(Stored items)
◆ ◆ ◆

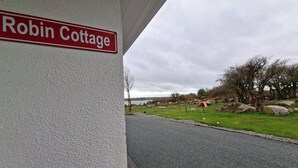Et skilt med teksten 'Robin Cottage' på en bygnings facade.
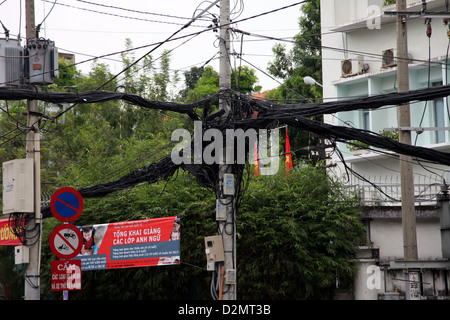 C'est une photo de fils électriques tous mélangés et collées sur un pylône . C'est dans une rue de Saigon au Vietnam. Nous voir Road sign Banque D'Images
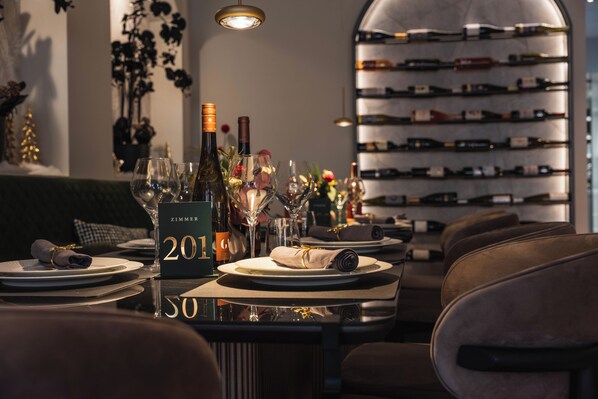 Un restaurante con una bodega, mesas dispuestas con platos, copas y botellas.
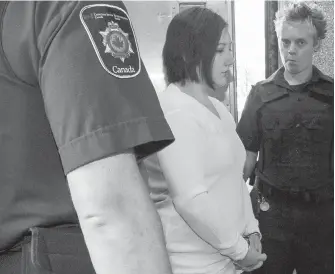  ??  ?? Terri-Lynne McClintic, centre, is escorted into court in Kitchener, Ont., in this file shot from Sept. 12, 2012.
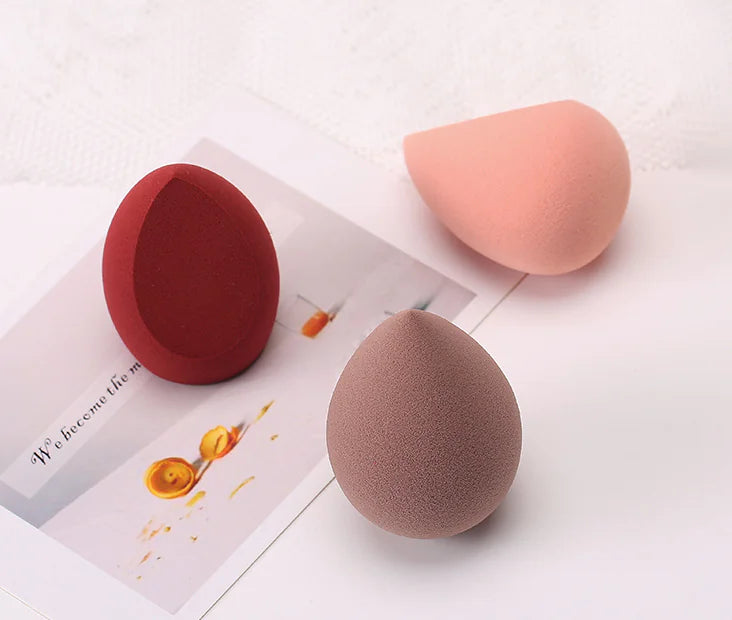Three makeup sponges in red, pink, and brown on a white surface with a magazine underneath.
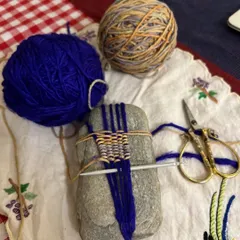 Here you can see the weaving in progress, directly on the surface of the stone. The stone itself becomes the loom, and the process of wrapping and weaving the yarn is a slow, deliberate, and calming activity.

◆ ◆ ◆

**WORK INSTRUCTION:**
Set down the data again, exactly, without images.

**REPLY:**
Et skilt med teksten 'Robin Cottage' på en bygnings facade.
 C'est une photo de fils électriques tous mélangés et collées sur un pylône . C'est dans une rue de Saigon au Vietnam. Nous voir Road sign Banque D'Images
 Un restaurante con una bodega, mesas dispuestas con platos, copas y botellas.
  ??  ?? Terri-Lynne McClintic, centre, is escorted into court in Kitchener, Ont., in this file shot from Sept. 12, 2012.
Three makeup sponges in red, pink, and brown on a white surface with a magazine underneath.
 Here you can see the weaving in progress, directly on the surface of the stone. The stone itself becomes the loom, and the process of wrapping and weaving the yarn is a slow, deliberate, and calming activity.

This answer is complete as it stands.